Flow chart of how the response should work
Law will standardize response to child abuse allegations across the state
Last Thursday, Governor Henry McMaster held the ceremonial signing of S.229, the Child Abuse Response Protocol Act. The act establishes a statewide protocol to respond to child abuse cases.
The legislation requires law enforcement or child protective services to take a victim of suspected child abuse to one of South Carolina’s Child Advocacy Centers. Union County is served by the Children’s Advocacy Center of Spartanburg, Cherokee, and Union Counties at 100 Washington Place in Spartanburg.

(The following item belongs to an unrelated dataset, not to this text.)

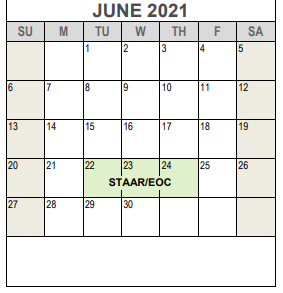 District School Academic Calendar for Tanglewood Elementary for June 2021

At the center, a team of trained professionals will start the investigation and conduct a single interview specifically tailored to not retraumatize the child. After that, a team of medical professionals, law enforcement, child protective services, and other professionals will review the case and decide the best way to move forward. DSS Director Michael Leach said no matter where a child lives in the state, the abuse allegations will be handled in the same way.
At the end of the process, on the law enforcement side, the case will be presented to the solicitor’s office for charges or dismissal. On the child protective services side, the review can lead to the child being removed from the home, a case opened for services, or the case closed. On the Child Advocacy Center’s side, the child and family will receive mental health services, and a family advocate will work with the family to provide support as the case moves along.
A 13-member review committee appointed by the governor will review the protocol each year and provide updates as needed.